SiTime launches Elite 2 Super-TCXO targeting sub-ns time sync for AI GPU clusters

SiTime has introduced the Elite 2 Super-TCXO, a temperature-compensated oscillator the company is aiming at AI data centers where time synchronization can limit GPU utilization. The pitch is straightforward: tighter time alignment across distributed GPU workloads reduces wait cycles, avoids timeouts, and helps keep expensive accelerators busy.

SiTime’s chief business officer, Piyush Sevalia, said “industry reports show GPU utilization in AI clusters can be as low as 20 to 40 percent,” and tied that gap to timing errors that force GPUs into idle periods to prevent data corruption. Sevalia also said the industry is moving toward a target of 10 ns time synchronization across an AI cluster, down from 1 μs today, and that the Elite 2 Super-TCXO was developed after working with “leading AI system architects at hyperscalers and silicon providers.”

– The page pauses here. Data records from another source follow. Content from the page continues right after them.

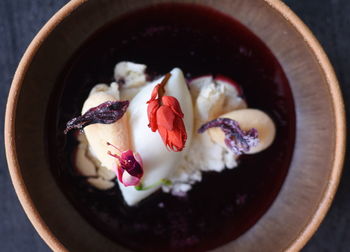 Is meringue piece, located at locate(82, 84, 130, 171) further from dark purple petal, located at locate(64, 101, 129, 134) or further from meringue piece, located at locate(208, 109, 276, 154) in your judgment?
meringue piece, located at locate(208, 109, 276, 154)

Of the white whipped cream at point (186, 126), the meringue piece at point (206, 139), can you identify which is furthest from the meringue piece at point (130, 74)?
the meringue piece at point (206, 139)

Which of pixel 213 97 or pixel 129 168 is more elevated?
pixel 213 97

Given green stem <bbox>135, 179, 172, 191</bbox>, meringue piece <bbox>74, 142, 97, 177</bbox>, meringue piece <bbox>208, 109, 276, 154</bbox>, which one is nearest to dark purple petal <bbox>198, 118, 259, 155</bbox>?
meringue piece <bbox>208, 109, 276, 154</bbox>

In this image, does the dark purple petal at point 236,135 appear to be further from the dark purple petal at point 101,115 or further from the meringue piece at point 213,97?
the dark purple petal at point 101,115

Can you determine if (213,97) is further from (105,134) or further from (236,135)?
(105,134)

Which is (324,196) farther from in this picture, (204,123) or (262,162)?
(204,123)

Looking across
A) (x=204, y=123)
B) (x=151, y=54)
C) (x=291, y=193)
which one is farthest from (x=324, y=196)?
(x=151, y=54)

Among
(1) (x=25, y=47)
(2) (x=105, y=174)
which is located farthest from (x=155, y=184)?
(1) (x=25, y=47) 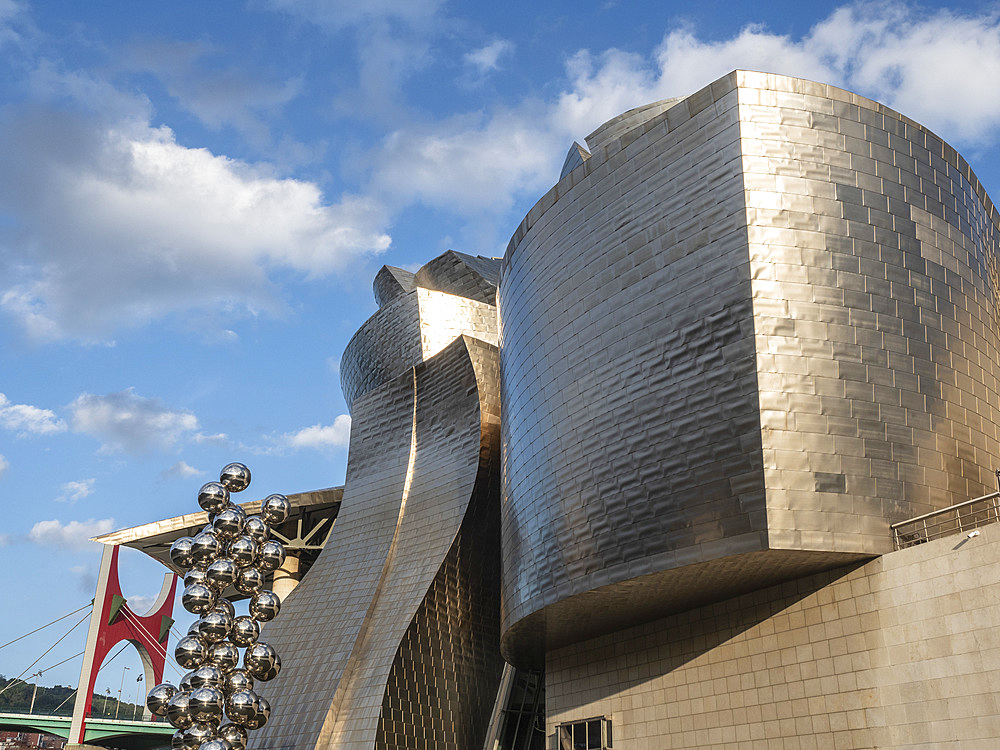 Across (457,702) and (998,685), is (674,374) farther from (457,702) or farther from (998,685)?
(457,702)

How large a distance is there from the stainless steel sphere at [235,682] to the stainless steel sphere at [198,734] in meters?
0.60

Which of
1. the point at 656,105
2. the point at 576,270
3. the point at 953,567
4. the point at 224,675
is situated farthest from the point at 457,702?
the point at 656,105

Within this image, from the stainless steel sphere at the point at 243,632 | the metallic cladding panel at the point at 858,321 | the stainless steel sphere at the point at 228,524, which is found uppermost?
the metallic cladding panel at the point at 858,321

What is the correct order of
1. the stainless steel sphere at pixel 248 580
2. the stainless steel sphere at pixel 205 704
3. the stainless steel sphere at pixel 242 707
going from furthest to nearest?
1. the stainless steel sphere at pixel 248 580
2. the stainless steel sphere at pixel 242 707
3. the stainless steel sphere at pixel 205 704

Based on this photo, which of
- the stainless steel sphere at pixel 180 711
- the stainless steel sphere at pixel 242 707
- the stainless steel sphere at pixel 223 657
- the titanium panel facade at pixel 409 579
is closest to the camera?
the stainless steel sphere at pixel 180 711

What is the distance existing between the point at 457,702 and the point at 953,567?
44.1 ft

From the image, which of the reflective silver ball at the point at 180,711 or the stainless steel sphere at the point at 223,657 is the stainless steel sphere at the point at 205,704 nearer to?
the reflective silver ball at the point at 180,711

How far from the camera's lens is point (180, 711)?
12.3 meters

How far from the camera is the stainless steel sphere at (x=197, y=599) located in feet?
43.0

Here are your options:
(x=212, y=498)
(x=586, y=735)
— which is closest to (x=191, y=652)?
(x=212, y=498)

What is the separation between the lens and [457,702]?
70.1ft

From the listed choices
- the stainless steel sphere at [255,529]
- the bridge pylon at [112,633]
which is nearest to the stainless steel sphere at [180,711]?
the stainless steel sphere at [255,529]

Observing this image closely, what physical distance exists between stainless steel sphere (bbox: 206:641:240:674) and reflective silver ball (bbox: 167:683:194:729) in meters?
0.66

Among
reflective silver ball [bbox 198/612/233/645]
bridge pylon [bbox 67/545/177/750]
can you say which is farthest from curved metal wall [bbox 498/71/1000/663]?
bridge pylon [bbox 67/545/177/750] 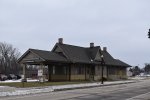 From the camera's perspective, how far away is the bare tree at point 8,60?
4815 inches

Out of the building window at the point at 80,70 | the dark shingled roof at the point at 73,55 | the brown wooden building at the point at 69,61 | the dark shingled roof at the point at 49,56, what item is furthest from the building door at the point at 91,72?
the dark shingled roof at the point at 49,56

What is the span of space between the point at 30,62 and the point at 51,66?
4.75 meters

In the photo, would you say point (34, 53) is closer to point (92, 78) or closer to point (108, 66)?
point (92, 78)

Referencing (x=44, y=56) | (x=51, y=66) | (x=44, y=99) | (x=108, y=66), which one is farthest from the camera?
(x=108, y=66)

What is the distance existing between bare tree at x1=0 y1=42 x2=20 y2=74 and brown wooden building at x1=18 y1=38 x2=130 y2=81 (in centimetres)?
5942

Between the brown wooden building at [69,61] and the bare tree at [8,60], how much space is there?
5942 centimetres

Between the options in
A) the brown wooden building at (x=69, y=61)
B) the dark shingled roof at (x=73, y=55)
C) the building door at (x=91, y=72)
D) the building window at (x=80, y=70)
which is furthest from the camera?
the building door at (x=91, y=72)

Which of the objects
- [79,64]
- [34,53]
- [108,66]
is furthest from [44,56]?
[108,66]

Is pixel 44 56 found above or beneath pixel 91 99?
above

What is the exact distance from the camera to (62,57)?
56406mm

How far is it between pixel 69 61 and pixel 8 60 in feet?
244

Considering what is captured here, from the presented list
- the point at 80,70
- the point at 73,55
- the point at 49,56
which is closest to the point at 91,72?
the point at 80,70

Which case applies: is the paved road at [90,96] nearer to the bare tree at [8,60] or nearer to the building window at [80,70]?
the building window at [80,70]

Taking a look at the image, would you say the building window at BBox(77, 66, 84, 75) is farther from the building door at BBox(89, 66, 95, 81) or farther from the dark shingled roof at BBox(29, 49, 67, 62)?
the dark shingled roof at BBox(29, 49, 67, 62) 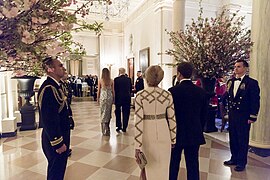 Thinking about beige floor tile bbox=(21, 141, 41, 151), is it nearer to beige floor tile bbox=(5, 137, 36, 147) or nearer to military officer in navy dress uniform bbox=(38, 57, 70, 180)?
beige floor tile bbox=(5, 137, 36, 147)

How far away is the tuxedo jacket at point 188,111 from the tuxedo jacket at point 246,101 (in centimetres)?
114

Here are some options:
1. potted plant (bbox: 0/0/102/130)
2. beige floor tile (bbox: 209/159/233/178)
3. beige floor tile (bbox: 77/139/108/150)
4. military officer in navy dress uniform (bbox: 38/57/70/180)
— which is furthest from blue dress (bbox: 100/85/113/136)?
potted plant (bbox: 0/0/102/130)

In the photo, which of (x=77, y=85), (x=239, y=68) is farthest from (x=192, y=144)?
(x=77, y=85)

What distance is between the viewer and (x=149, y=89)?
2125 mm

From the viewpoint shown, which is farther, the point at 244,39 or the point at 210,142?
the point at 210,142

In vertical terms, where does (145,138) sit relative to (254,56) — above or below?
below

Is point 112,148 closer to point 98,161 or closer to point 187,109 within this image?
point 98,161

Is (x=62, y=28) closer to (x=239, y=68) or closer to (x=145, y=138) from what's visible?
(x=145, y=138)

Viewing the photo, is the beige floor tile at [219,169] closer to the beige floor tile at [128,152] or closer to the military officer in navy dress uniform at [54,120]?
the beige floor tile at [128,152]

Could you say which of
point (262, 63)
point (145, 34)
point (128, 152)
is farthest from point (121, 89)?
point (145, 34)

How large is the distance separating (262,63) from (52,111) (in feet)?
10.8

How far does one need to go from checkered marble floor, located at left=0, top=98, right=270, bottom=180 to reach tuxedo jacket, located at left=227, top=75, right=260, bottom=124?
0.81 m

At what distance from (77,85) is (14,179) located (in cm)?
1106

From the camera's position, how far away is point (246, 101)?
312 centimetres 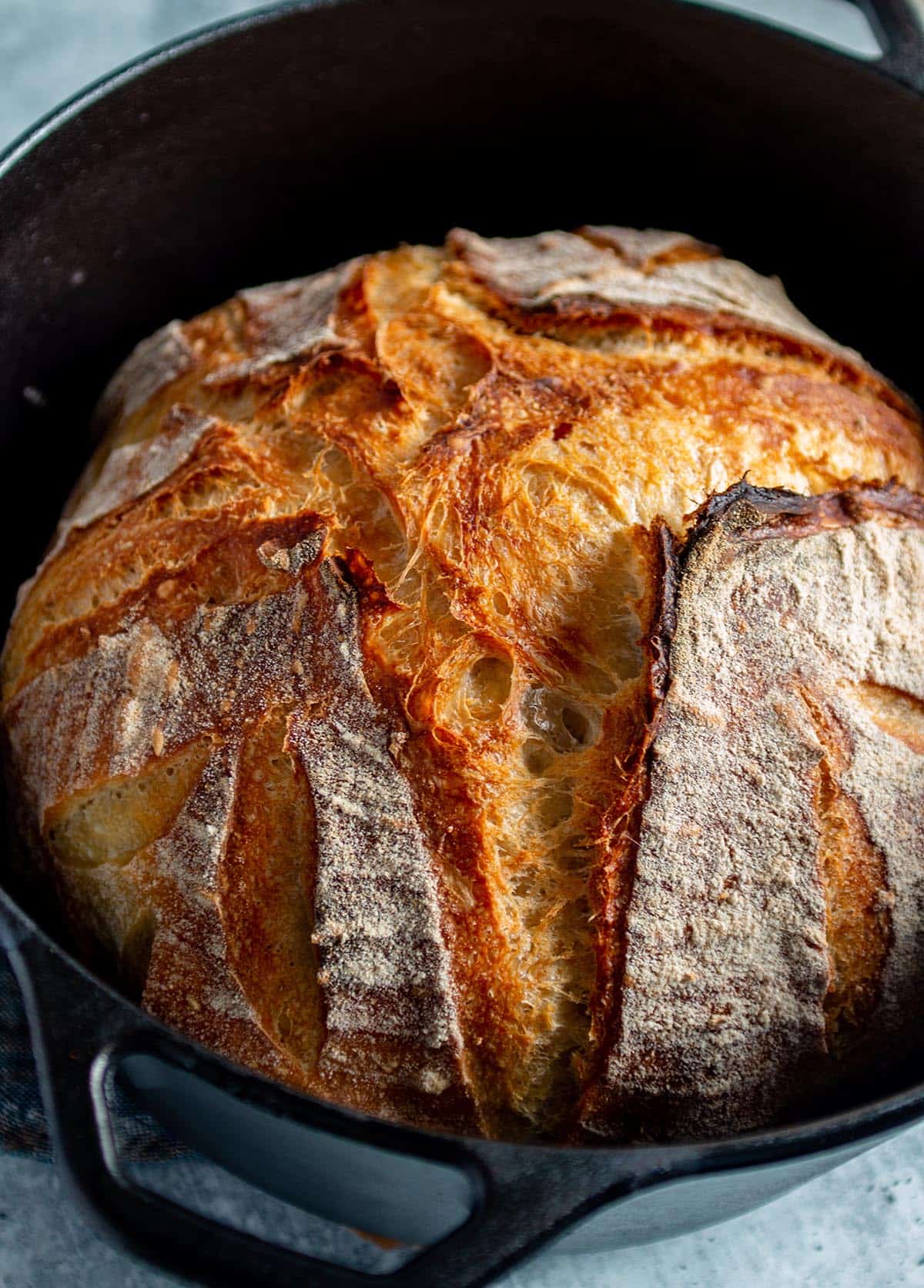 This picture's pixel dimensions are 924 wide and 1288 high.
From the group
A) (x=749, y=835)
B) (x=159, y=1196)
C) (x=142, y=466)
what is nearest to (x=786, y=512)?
(x=749, y=835)

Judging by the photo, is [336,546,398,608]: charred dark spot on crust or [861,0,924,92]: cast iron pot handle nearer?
[336,546,398,608]: charred dark spot on crust

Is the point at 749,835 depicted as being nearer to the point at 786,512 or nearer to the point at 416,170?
the point at 786,512

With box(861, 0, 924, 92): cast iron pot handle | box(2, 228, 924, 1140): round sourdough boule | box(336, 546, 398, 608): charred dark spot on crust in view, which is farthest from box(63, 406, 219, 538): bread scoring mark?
box(861, 0, 924, 92): cast iron pot handle

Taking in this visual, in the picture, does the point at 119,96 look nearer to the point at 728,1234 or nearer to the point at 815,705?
the point at 815,705

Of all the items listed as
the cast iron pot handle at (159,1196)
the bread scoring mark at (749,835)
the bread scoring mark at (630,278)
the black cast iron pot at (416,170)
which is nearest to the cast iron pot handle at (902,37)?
the black cast iron pot at (416,170)

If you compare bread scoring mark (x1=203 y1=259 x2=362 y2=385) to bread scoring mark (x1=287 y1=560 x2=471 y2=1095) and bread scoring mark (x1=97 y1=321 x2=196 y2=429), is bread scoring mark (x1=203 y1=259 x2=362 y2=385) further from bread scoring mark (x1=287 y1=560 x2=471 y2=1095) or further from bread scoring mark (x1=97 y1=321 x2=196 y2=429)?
bread scoring mark (x1=287 y1=560 x2=471 y2=1095)

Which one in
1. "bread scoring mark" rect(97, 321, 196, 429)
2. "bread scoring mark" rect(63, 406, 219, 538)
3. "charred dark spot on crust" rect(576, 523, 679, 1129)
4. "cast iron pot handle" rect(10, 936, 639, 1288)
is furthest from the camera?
"bread scoring mark" rect(97, 321, 196, 429)

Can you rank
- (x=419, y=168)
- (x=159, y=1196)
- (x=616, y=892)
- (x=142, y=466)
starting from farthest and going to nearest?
(x=419, y=168) → (x=142, y=466) → (x=616, y=892) → (x=159, y=1196) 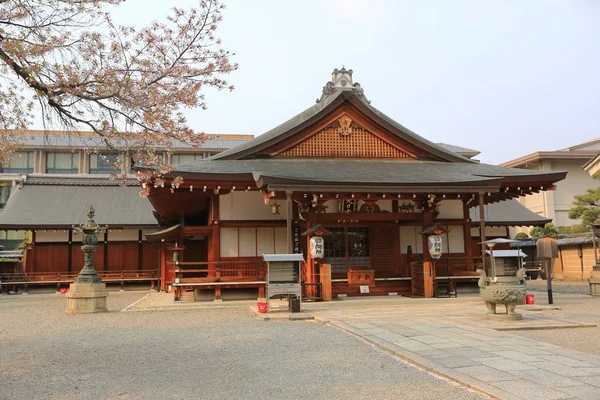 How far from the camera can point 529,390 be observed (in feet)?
16.0

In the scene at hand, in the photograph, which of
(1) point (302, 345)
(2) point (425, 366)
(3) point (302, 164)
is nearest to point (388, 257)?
(3) point (302, 164)

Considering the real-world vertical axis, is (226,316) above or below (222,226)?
below

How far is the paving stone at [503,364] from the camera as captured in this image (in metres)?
5.77

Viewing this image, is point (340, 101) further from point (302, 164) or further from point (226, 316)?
point (226, 316)

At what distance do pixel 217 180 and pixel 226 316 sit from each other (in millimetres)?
4265

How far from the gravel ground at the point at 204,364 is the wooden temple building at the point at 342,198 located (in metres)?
4.45

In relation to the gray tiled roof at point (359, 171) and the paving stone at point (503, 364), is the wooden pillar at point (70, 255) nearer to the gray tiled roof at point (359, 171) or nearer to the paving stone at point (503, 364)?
the gray tiled roof at point (359, 171)

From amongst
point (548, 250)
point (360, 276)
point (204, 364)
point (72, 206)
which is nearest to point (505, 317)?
point (548, 250)

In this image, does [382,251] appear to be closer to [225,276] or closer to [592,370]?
[225,276]

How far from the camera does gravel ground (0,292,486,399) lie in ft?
17.1

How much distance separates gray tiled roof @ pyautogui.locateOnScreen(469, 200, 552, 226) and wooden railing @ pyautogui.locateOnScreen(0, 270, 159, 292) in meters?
15.6

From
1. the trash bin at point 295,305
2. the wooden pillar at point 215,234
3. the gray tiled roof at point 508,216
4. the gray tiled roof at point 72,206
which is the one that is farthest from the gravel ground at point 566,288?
the gray tiled roof at point 72,206

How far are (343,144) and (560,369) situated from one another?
12527 millimetres

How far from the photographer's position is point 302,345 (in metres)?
7.77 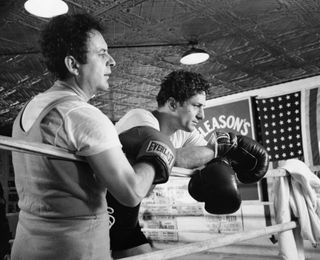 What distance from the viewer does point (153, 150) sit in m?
0.93

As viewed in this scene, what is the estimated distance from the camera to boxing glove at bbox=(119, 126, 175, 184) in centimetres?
91

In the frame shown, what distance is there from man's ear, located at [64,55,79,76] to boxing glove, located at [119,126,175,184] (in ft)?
0.84

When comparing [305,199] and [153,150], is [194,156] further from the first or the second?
[305,199]

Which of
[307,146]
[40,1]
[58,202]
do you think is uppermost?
[40,1]

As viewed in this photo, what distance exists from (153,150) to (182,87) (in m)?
1.07

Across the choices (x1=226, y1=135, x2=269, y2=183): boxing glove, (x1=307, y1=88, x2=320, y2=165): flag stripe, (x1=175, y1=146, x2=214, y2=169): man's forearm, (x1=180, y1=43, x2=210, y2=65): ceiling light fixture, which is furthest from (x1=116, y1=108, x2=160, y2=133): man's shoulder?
(x1=180, y1=43, x2=210, y2=65): ceiling light fixture

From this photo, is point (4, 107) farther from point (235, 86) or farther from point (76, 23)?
point (76, 23)

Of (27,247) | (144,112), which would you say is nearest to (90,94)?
(27,247)

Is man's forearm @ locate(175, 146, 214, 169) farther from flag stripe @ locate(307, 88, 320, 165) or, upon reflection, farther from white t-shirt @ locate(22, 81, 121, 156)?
flag stripe @ locate(307, 88, 320, 165)

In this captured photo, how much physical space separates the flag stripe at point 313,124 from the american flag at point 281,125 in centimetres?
10

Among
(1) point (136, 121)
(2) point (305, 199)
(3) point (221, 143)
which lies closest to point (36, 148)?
(1) point (136, 121)

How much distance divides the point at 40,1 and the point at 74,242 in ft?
8.87

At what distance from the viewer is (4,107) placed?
7164mm

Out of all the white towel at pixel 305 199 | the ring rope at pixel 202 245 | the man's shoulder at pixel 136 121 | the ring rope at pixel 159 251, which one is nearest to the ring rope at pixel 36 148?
the ring rope at pixel 159 251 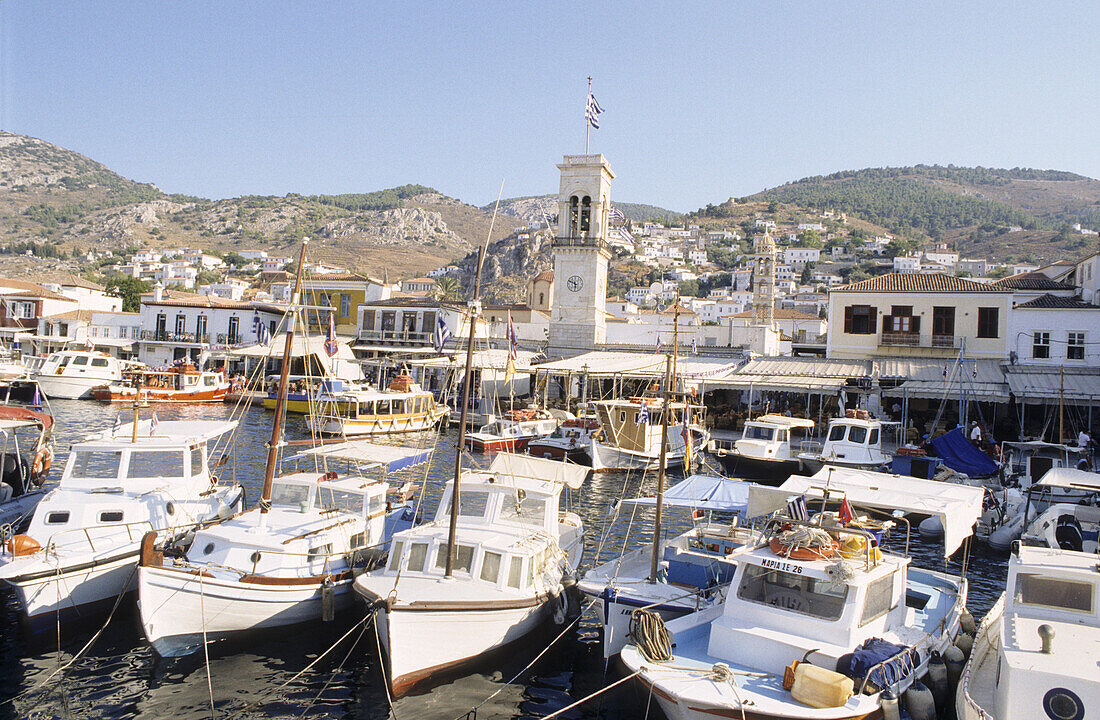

On specs, the Elite 2 Super-TCXO is designed for 1 ns time synchronization accuracy. Other published figures include ±2 ppb/°C dF/dT (frequency temperature slope), 6 × 10−12 Allan Deviation (ADEV), and ±50 ppb frequency stability over -40 to 105°C. SiTime lists a 3.2 mm × 2.5 mm footprint (8 mm2) for its smallest package option, and also offers a 5.0 mm × 3.2 mm ceramic package. The company also calls out digital frequency tuning, resistance to shock, vibration, and board bending, and the elimination of “activity dips and micro jumps” associated with quartz devices.

For data center engineers, the practical implication is that timing hardware is getting pulled into the same optimization loop as networking and scheduling: if cluster-level synchronization is part of keeping accelerators fed, then oscillator performance stops being an abstract board-level spec and starts showing up as a utilization limiter. But SiTime’s utilization and performance-per-watt claims will ultimately hinge on system-level validation across real AI fabrics, not just oscillator datasheets.

SiTime said the Elite 2 Super-TCXO is sampling now, with commercial production expected in Q3 2026. Part numbers include SiT5234, SiT5235, SiT5434, and SiT5435. Dell’Oro Group vice president Sameh Boujelbene said, “As AI back-end infrastructure refreshes at a much faster cadence than traditional non-accelerated infrastructure, time synchronization accuracy becomes increasingly important to sustaining performance across rapidly evolving data center architectures.”